As part of its marketing strategy, Stoner Cats’ team reportedly boasted about the highlights of owning one of its NFTs, including the option to re-sell it for a higher profit in the future. It also “emphasized its expertise as Hollywood producers, its knowledge of crypto projects, and the well-known actors involved in the web series, leading investors to expect profits because a successful web series could cause the resale value of the Stoner Cats NFTs in the secondary market to rise,” according to the release.
Ashton Kutcher and Mila Kunis attend the 94th Annual Academy Awards at Hollywood and Highland on March 27, 2022 in Hollywood, California.
Ashton Kutcher and Mila Kunis
| Credit: David Livingston/Getty Images
The SEC also found that the company had configured the NFTs in a way that provided itself with a 2.5 percent royalty each time that the original NFT was subsequently purchased online, causing purchasers to spend over $20 million over the course of at least 10,000 transactions.
“Without admitting or denying the SEC’s findings, SC2 agreed to a cease-and-desist order and to pay a civil penalty of $1 million,” the release stated. “The order establishes a Fair Fund to return monies that injured investors paid to purchase the NFTs.
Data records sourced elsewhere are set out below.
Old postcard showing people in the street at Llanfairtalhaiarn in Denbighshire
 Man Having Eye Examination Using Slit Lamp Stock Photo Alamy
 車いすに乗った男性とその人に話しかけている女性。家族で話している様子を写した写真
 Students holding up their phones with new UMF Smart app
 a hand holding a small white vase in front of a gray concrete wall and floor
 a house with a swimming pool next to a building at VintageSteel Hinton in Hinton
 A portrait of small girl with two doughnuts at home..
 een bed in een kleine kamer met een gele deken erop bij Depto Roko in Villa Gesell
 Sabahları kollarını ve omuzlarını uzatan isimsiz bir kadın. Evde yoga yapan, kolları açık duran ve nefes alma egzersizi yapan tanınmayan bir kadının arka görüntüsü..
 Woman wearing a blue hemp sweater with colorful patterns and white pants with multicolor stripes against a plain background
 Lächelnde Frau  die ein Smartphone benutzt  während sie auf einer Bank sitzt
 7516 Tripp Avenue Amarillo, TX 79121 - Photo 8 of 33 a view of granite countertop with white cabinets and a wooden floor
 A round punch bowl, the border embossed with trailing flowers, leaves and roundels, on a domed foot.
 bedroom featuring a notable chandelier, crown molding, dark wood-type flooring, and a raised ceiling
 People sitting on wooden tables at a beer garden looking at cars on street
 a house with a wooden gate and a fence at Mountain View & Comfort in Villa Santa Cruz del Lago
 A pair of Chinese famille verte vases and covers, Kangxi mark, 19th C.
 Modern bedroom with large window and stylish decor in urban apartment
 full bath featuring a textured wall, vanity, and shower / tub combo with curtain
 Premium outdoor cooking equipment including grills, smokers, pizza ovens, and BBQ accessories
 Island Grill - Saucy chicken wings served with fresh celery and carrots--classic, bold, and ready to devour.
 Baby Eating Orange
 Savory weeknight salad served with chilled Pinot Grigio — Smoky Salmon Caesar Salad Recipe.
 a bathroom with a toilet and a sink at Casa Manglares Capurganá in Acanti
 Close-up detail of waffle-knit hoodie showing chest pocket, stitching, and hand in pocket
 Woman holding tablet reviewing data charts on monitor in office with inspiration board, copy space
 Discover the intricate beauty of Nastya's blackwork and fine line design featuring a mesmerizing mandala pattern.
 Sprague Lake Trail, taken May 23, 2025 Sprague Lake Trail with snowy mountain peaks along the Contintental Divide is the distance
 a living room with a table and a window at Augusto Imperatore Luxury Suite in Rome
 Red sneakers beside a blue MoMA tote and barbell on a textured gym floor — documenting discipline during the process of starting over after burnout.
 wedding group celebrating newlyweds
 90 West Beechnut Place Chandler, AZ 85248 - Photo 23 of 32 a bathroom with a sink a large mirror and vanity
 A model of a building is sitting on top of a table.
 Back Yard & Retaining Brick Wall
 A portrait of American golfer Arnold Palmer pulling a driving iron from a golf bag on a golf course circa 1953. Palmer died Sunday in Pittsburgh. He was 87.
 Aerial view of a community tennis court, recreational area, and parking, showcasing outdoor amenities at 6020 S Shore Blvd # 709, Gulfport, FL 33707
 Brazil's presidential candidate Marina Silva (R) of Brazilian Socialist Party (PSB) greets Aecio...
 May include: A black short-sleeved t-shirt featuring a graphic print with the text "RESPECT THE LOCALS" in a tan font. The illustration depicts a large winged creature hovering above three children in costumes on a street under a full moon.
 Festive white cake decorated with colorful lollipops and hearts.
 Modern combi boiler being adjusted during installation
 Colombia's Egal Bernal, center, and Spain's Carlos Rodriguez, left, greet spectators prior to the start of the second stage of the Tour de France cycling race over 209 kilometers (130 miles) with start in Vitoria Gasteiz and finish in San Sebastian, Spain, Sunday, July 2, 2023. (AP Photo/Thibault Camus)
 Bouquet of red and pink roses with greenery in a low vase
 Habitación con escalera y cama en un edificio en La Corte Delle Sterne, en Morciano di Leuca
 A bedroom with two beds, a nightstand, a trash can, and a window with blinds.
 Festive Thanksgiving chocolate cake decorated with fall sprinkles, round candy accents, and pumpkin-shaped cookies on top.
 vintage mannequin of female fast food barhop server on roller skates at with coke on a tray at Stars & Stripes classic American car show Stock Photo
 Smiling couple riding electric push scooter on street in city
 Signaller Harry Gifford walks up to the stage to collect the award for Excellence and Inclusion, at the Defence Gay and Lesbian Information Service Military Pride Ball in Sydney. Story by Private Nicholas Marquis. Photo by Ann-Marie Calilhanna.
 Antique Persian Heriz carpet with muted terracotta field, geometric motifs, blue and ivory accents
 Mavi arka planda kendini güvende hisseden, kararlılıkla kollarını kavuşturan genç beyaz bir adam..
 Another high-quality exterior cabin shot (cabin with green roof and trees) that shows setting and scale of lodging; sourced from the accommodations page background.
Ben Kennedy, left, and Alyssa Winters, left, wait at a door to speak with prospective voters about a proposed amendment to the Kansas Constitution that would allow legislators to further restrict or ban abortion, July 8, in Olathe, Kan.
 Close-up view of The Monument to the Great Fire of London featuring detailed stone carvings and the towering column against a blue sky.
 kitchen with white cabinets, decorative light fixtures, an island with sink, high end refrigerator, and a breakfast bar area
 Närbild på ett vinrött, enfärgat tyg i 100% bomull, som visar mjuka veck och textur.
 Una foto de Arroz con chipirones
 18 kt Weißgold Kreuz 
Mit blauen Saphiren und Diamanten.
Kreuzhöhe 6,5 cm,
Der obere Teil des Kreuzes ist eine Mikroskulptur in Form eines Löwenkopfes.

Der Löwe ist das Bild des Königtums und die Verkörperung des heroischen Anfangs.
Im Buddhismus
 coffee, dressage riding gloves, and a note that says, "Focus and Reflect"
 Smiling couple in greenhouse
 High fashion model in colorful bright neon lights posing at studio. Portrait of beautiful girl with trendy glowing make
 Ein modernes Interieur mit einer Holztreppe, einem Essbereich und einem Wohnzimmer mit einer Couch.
SC2 also agreed to destroy all NFTs in its possession or control and publish notice of the order on its website and social media channels.”
“Registration of securities, including crypto asset securities, protects investors by providing them with disclosures so they can make informed investing decisions,” Carolyn Welshhans, Associate Director of the SEC’s Home Office, said in a statement. “Stoner Cats wanted all the benefits of offering and selling a security to the public but ignored the legal responsibilities that come with doing so.”
On its website, Stoner Cats — which was created by Ash Brannon (Surf’s Up, Rock Dog), Chris Cartagena, and Sarah Cole — states that Kunis and her partners at Orchard Farm Productions were touched by the series’ premise and, to support it, “formed a formidable collective of voice talent, animators, and creatives of all kinds to come together with technology and NFT experts (including the brilliant minds behind CryptoKitties) to bring this story to life using NFTs.”
Kunis is also credited as a member of the series’ production team and blockchain team on its website.
It added, “Stoner Cats NFTs gave holders access to the content creators of the show, making it one of the first projects to use NFTs to create a community of holders who get to see behind the curtain as an animated series is made and interact directly with top-level Hollywood talent.”